ORGA: A Typestate-Enforced Agent Runtime That Makes Policy a Phase, Not a Feature

ThirdKey · March 2, 2026

AI Security Architecture Agent Runtime

Every agent framework has a loop. Call the LLM, parse the tool calls, execute them, feed the results back. ReAct, AutoGPT, LangGraph, CrewAI — the shape is always the same. What differs is what happens when things go wrong, and more importantly, what can’t happen at all.
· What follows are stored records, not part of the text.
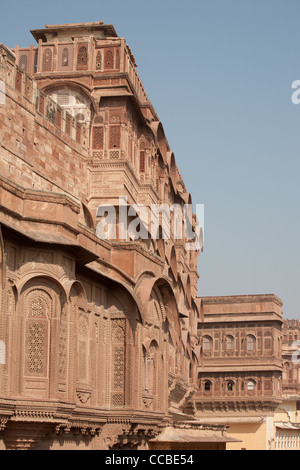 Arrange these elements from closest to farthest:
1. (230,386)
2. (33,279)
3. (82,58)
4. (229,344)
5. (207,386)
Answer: (33,279) < (82,58) < (230,386) < (207,386) < (229,344)

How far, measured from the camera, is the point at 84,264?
18.1 m

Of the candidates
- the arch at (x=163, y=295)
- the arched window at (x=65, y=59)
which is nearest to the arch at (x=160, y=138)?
the arched window at (x=65, y=59)

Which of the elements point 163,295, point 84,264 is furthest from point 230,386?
point 84,264

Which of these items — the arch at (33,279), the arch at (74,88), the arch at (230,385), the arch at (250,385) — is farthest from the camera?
the arch at (230,385)

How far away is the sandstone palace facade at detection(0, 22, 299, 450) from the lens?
15.7 meters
Symbiont’s reasoning loop is called ORGA — Observe, Reason, Gate, Act. The name is deliberate: the “Gate” phase isn’t optional middleware or a plugin. It’s a compile-time-enforced phase of execution that every agent action must pass through before it can reach the outside world.

This post introduces the architecture, explains the four innovations that make it novel, and walks through how they work together.

The Problem with “Policy as Middleware”

Most agent frameworks treat safety as a layer you bolt on. A callback before tool execution. A filter on the output. An approval queue in a dashboard somewhere. These approaches share a failure mode: they can be bypassed, forgotten, or misconfigured.

Consider a typical agent loop:

LLM generates tool call → Execute tool → Return result → Repeat

Where does policy go? Usually one of two places:

Before execution — a hook that checks whether the tool call is allowed. If someone forgets to register the hook, the tool runs anyway.
After generation — a filter on the LLM’s output. If the output format changes slightly, the filter misses it.

Both approaches treat policy as external to the loop’s core logic. The loop works without them. That’s the problem.

ORGA: Policy as a Mandatory Phase

ORGA restructures the agent loop so that policy evaluation is a phase transition — the same kind of primitive as “call the LLM” or “execute the tool.” You can’t skip it any more than you can skip reasoning.

Each phase is a distinct type in Rust’s type system. The loop physically cannot progress from Reason to Act without passing through Gate, because the compiler won’t let you call dispatch_tools() on a value of type AgentLoop<PolicyCheck> — only check_policy() is available. And dispatch_tools() only exists on AgentLoop<ToolDispatching>, which you can only obtain from a successful policy check.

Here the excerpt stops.